Mais déjà à Marseille, la place spéculait sur l'aveu de faiblesse que comportait la mise à sac du siège du GPMM. « Nous avons connu cela en 1992 avec les dockers et regardez les partenaires qu'ils sont devenus », préférait se souvenir un vieil habitué de luttes sociales sur le port de Marseille. Même si elle n'est pas à l'origine de l'exaction, la voix de la CGT sortira certainement affaiblie de cette action aussi peu glorieuse que désespérée. Elle semble sonner la fin d'une cause perdue.
* Il y a trois mois, des ouvriers de l'Union Naval de Marseille en faillite avaient lancé au visage du directeur général adjoint du GPMM, un casier de sardines et d'oursins.
Intramar trouve un accord avec le GPMM
Intramar serait finalement parvenu à boucler sa proposition en établissant un pré-protocole avec le GPMM pour le transfert des agents et des engins du terminal de Mourepiane. C'est ce qui a déclenché la dernière flambée de violence. Alors que tous les autres manutentionnaires des terminaux conteneurs et vracs solides de Marseille-Fos étaient fin prêts, les agents de Mourepiane se refusaient au commandement unique. Mais ni les grèves, ni les menaces, ne seront parvenu à faire reculer le manutentionnaire « historique » des bassins marseillais pourtant en équilibre financier précaire.
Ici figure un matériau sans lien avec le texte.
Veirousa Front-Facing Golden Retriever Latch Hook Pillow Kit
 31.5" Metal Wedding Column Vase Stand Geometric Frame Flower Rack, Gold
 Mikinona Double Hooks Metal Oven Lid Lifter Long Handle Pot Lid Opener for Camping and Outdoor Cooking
Avec les autres, son offre sera examinée par le conseil de surveillance du GPMM prévu le 6 juillet prochain. Les propositions validées seront ensuite examinées par la commission nationale d'évaluation qui examinera la conformité du prix d'acquisition proposé par les opérateurs. Le processus semble irréversible. Les agents irréductibles l'ont bien compris. Revenant sur la mise à sac du bureau du DG du GPMM, Mireille Chiessa, secrétaire générale de l'Union départementale CGT a ainsi expliqué que « ce qui a mis le feu aux poudres, c'est le caractère obligatoire du transfert de personnel. La CGT du port veut que ce soit sur la base du volontariat ». Dernier recours auquel veulent encore croire les agents de conduite et de maintenance de Mourepiane, ils pourraient refuser à titre individuel le transfert vers la manutention. Les tensions ne seraient pas prêtes à s'éteindre. Le refus de la CGT laissant le GPMM et Intramar, seuls maîtres du jeu.